Pobreza e baixa escolaridade estão entre principais causas do trabalho infantil no país



Pobreza e baixa escolaridade estão entre principais causas do trabalho infantil no país
trabalho infantil no país

A pobreza e a baixa escolaridades das famílias estão entre as principais causas do trabalho infantil no país, segundo a secretária executiva do Fórum Nacional de Prevenção e Erradicação do Trabalho infantil (FNPETI), Isa Oliveira. Atualmente há no Brasil mais de 4 milhões de crianças e adolescentes trabalhando. 

Na faixa dos 5 a 14 anos, em que a legislação brasileira proíbe qualquer forma de trabalho, o número chega a 1,4 milhão.

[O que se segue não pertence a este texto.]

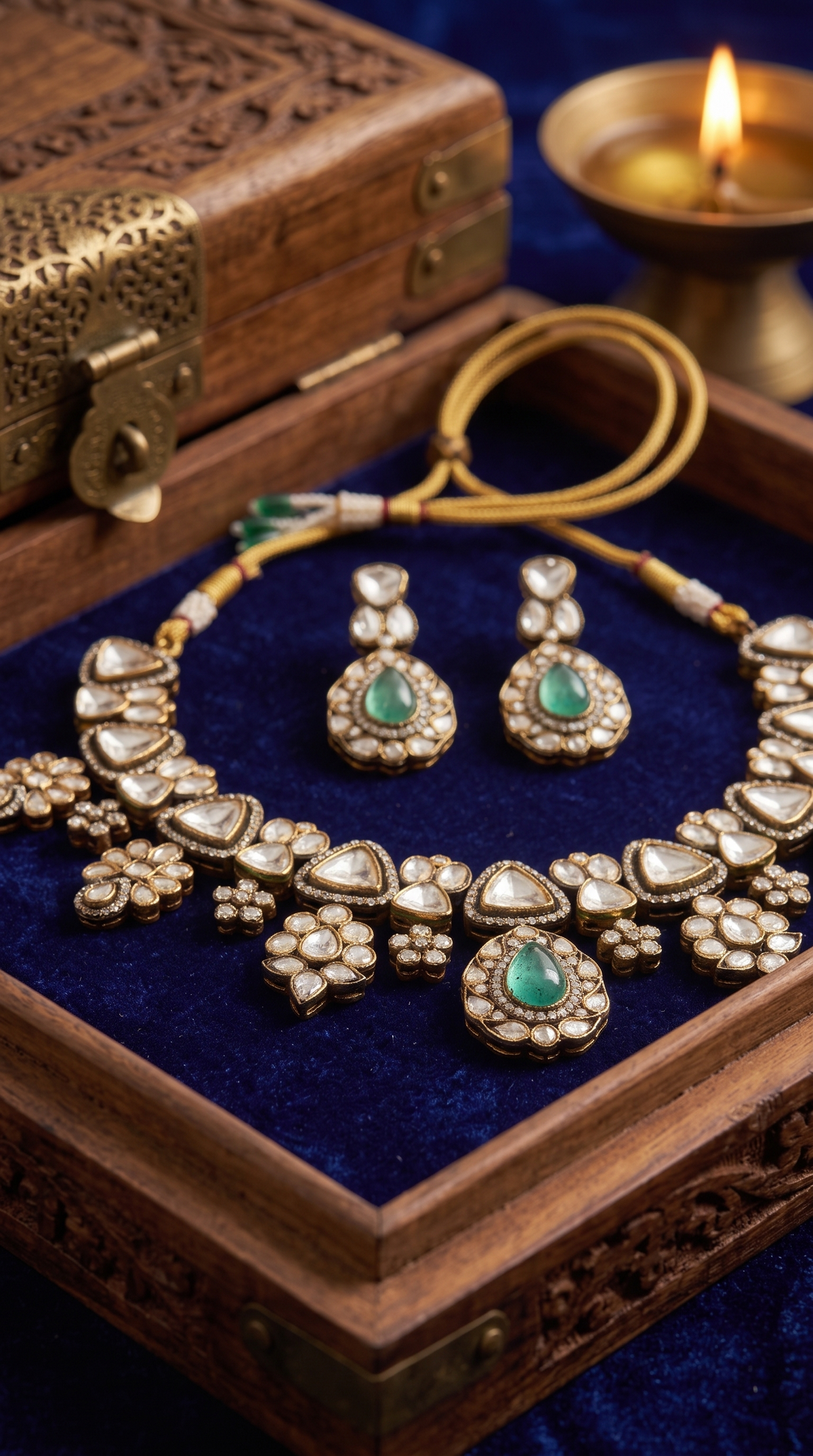 MALINI AQUAMARINE POLKI NECKLACE SET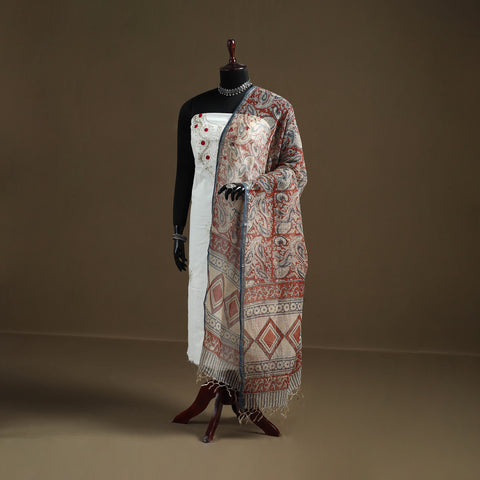Red - Bagru Hand Block Print Natural Dyed Kota Doria Cotton Dupatta 26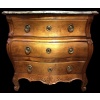 Commode 18è De Port Bois Naturel Ouvrant Trois Tiroirs Reposant Pieds Galbés Dessus Marbre 24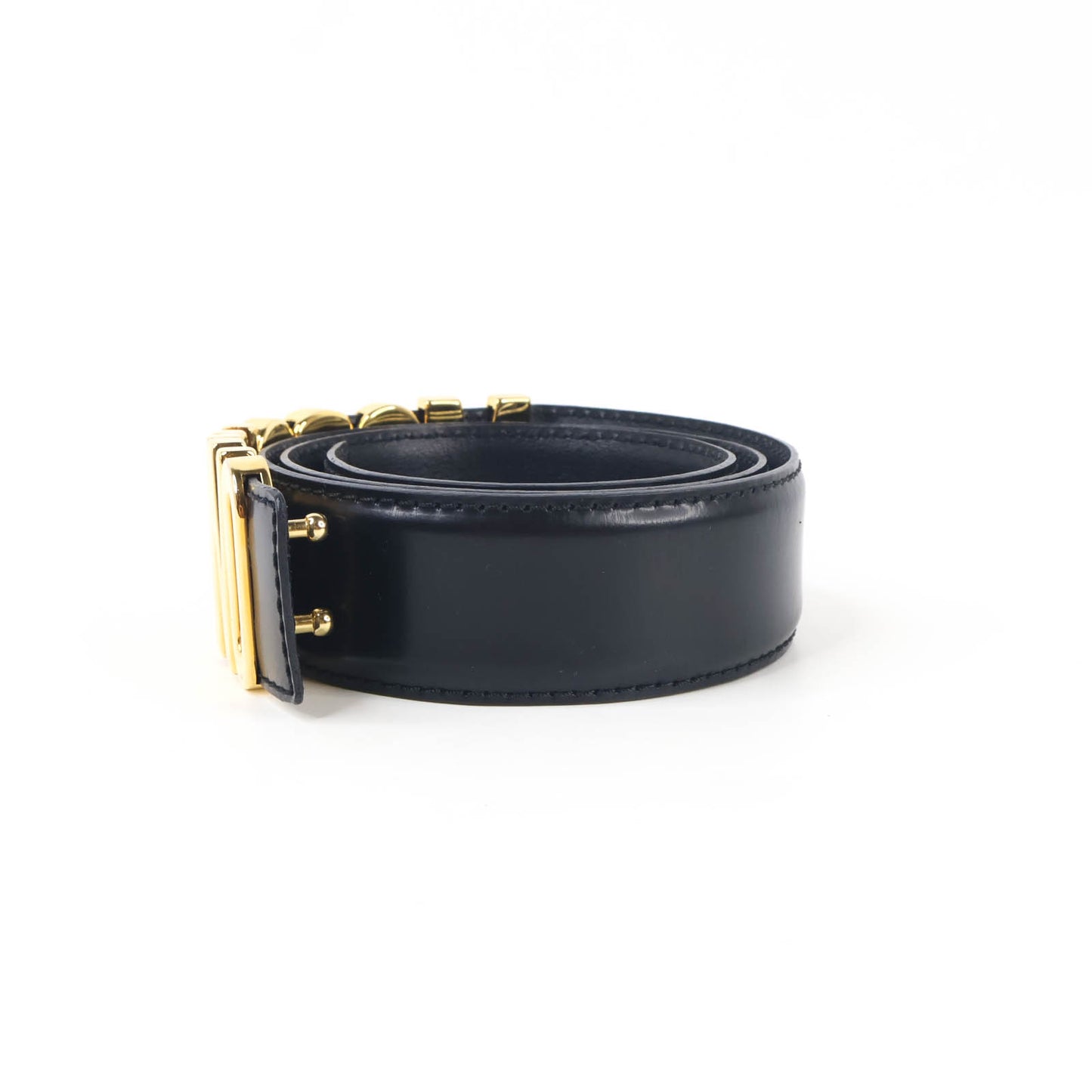 Moschino Belt Leather Black Buckle Gold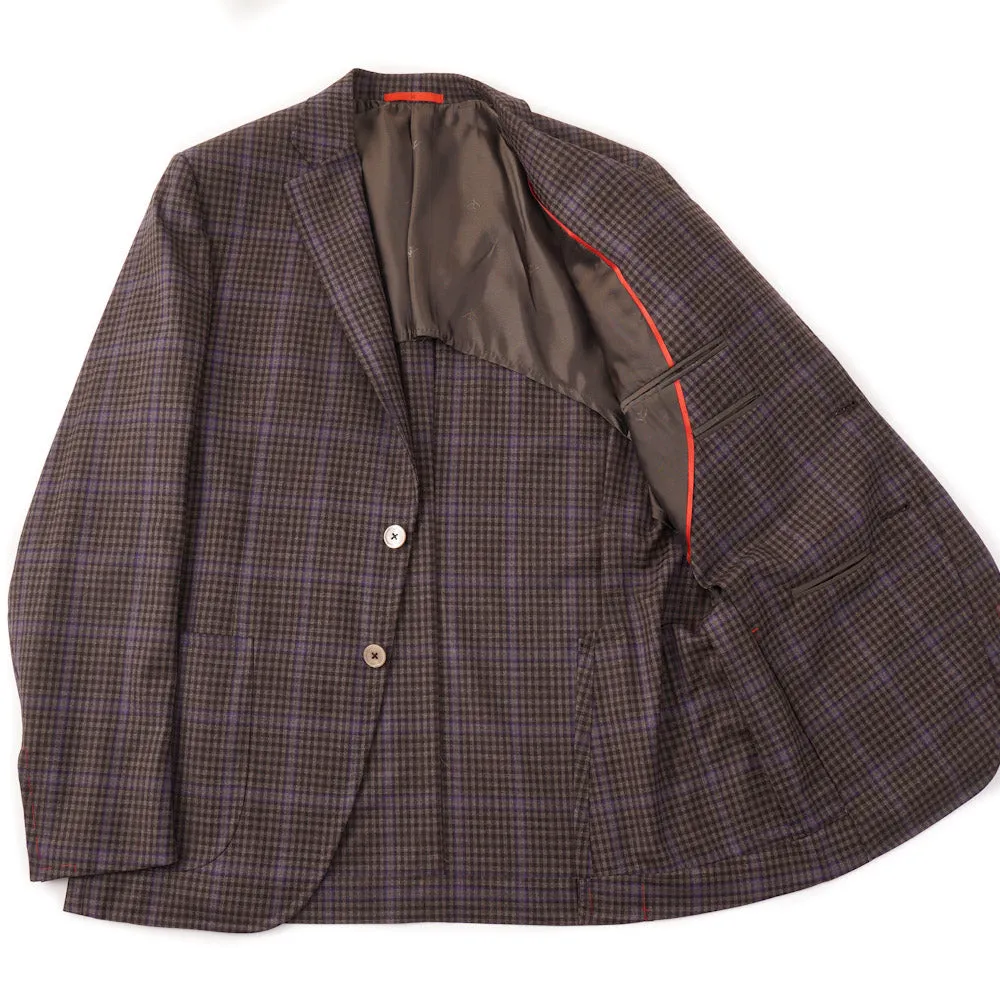 Isaia Brown and Violet Check 140s Wool Sport Coat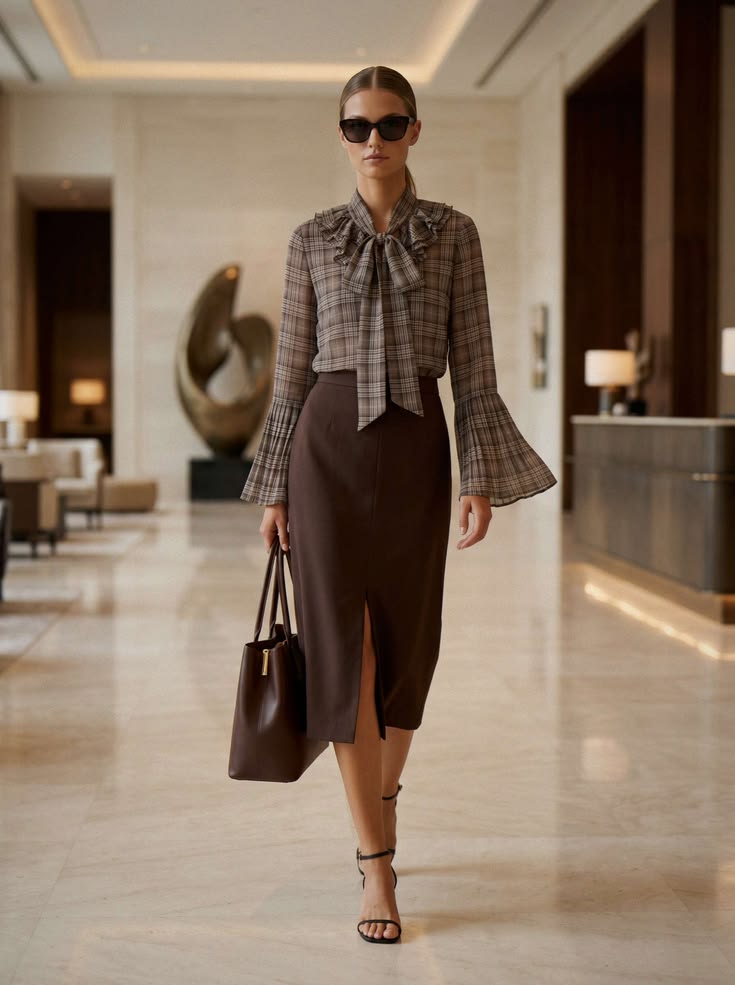 Feminine Blouse With Tailored Skirt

´´O trabalho infantil reproduz a situação de pobreza e baixa escolaridade na qual os país dessas crianças estão inseridos``, destaca a secretaria executiva, no Dia Mundial contra o Trabalho Infantil, lembrado hoje (12/06).

Para ela, entre os fatores para que as crianças permaneçam trabalhando está o fato de as famílias não considerem a escola como uma alternativa. ´´principalmente na área rural, há uma grande precariedade educacional, acrescida da precariedade no transporte para que essas crianças cheguem à escola`,

Segundo o coordenador da organização não governamental (ONG) Repórter Brasil, Leonardo Sakamoto, além da situação de pobreza e de baixa escolaridade, a questão cultural contribui para os índices de trabalho infantil no país. ´´Esse processo já foi quase institucionalizado em algumas famílias  por causa de uma suposta tradição de formação e caráter que está associada ao trabalho infantil.``

De acordo com Sakamoto, alguns pais acreditam que, pelo fato de eles terem trabalhando e isso ter ajudado na formação do caráter, os filho têm que passar pela mesma situação.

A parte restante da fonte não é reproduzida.